▶ [What you need to do]
Your answer must be the full listing, word for word, with no images in it.
----- Data section
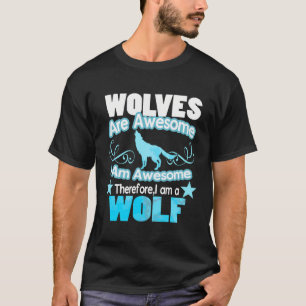 T-shirt Chemise À Manches Longues Wolf - Les Loups Sont Gé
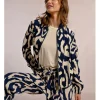 Bomber de manga larga estampado bicolor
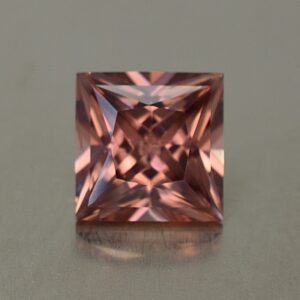 RoseZircon princess 6.8mm 2.43cts zn3371 SOLD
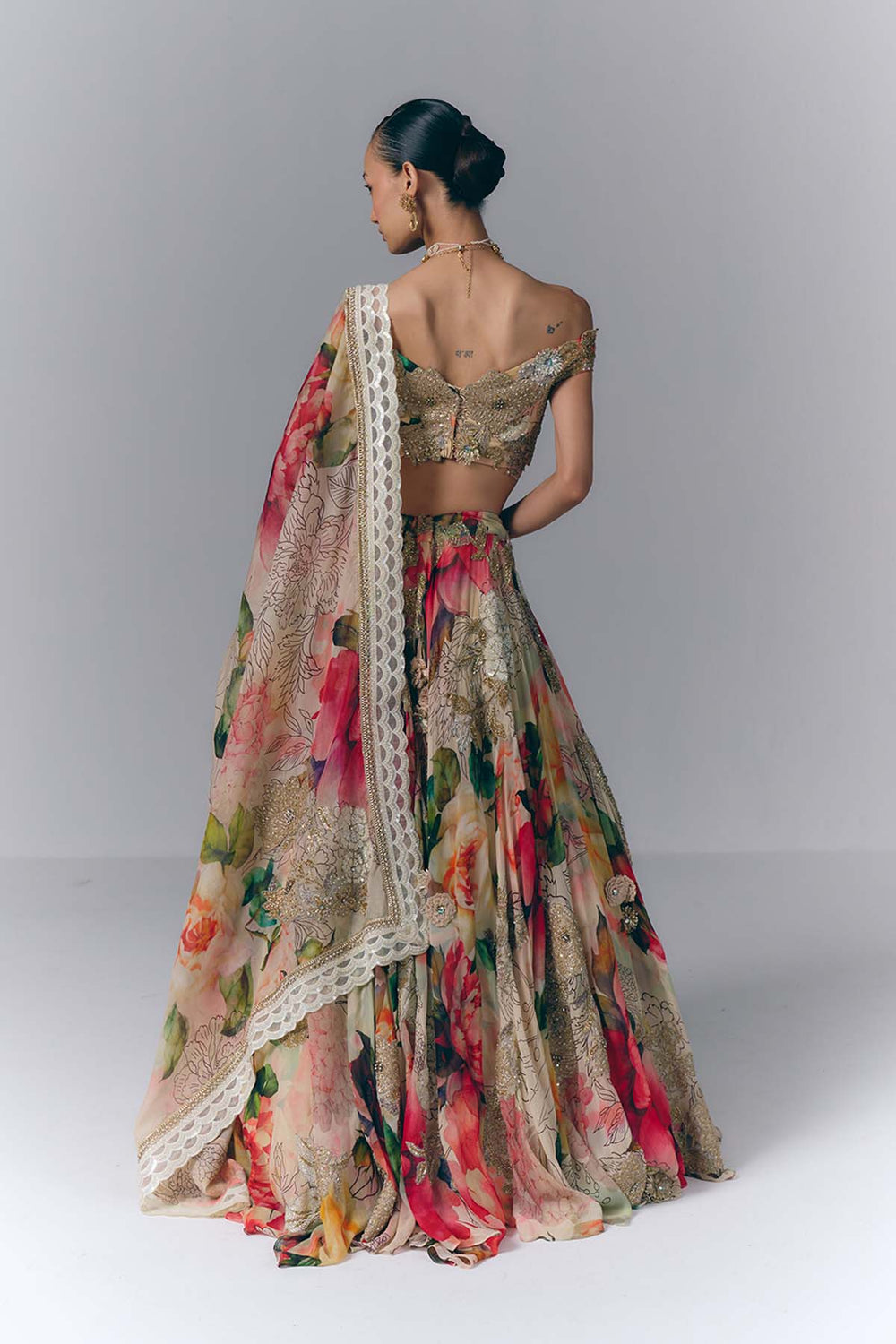 Multicolored Lehenga Set|VARUN BAHL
----------
▶ [Result of the task]
 T-shirt Chemise À Manches Longues Wolf - Les Loups Sont Gé
 Bomber de manga larga estampado bicolor
 RoseZircon princess 6.8mm 2.43cts zn3371 SOLD
 Multicolored Lehenga Set|VARUN BAHL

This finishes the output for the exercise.